To do:
After finding the line with "Take a look" in the entries below, retype exactly each line from there through the line with "The putamen is a", including that final line.

Data listing:
--------

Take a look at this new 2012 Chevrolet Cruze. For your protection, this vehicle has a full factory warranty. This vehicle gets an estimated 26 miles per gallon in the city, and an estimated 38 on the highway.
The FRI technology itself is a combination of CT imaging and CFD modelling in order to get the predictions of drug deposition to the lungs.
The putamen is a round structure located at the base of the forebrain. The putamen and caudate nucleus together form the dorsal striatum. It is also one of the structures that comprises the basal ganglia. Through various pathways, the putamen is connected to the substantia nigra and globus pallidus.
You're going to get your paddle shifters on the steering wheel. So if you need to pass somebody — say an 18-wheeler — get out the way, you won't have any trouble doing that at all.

--------

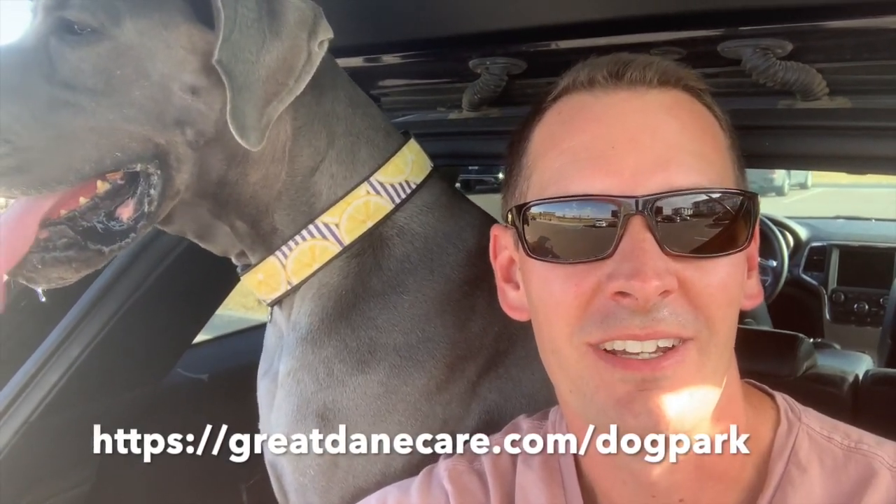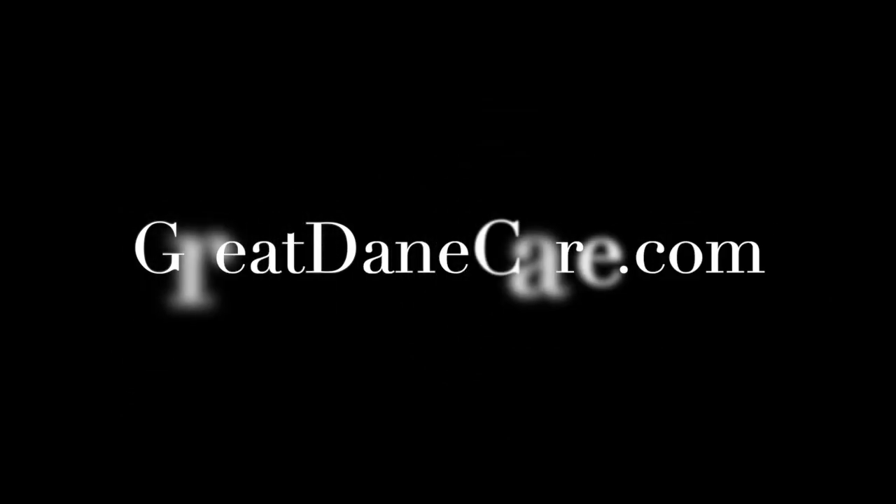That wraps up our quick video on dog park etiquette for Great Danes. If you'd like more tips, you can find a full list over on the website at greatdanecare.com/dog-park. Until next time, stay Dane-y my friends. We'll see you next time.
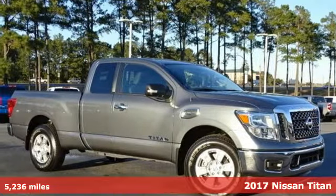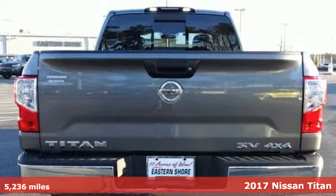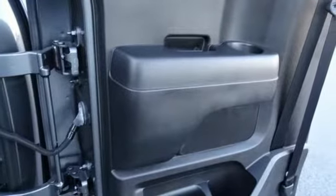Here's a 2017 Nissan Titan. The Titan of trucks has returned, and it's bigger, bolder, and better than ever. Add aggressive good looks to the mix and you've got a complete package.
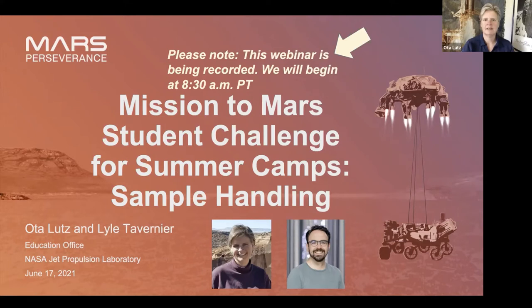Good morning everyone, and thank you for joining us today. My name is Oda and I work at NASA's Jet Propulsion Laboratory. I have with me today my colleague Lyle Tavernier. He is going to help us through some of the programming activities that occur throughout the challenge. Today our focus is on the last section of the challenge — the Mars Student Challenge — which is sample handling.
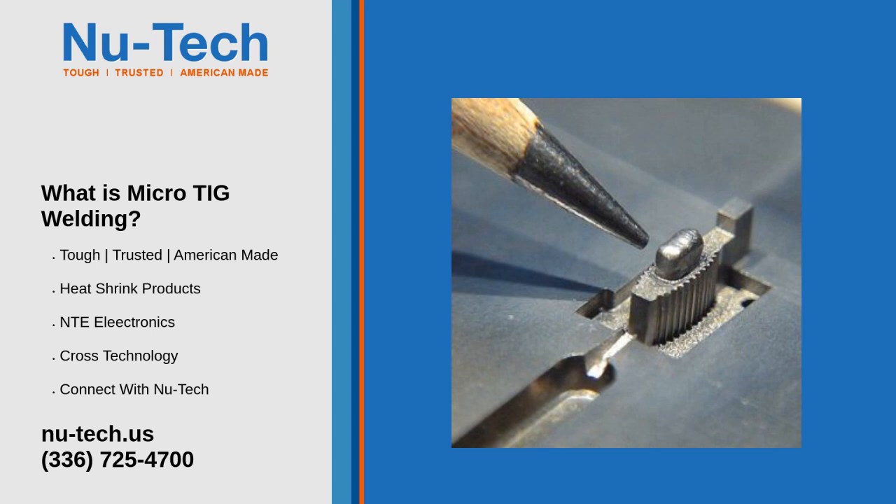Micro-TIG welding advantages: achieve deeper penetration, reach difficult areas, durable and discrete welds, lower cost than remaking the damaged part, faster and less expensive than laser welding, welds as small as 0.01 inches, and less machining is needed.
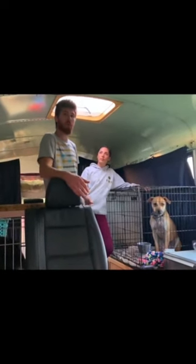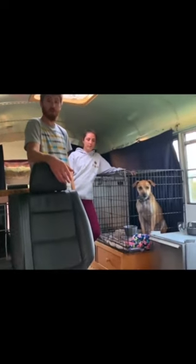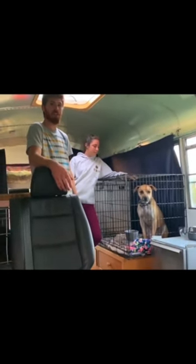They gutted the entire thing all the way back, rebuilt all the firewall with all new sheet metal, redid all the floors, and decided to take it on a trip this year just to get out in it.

--------

Reply:
Take a look at this new 2012 Chevrolet Cruze. For your protection, this vehicle has a full factory warranty. This vehicle gets an estimated 26 miles per gallon in the city, and an estimated 38 on the highway.
The FRI technology itself is a combination of CT imaging and CFD modelling in order to get the predictions of drug deposition to the lungs.
The putamen is a round structure located at the base of the forebrain. The putamen and caudate nucleus together form the dorsal striatum. It is also one of the structures that comprises the basal ganglia. Through various pathways, the putamen is connected to the substantia nigra and globus pallidus.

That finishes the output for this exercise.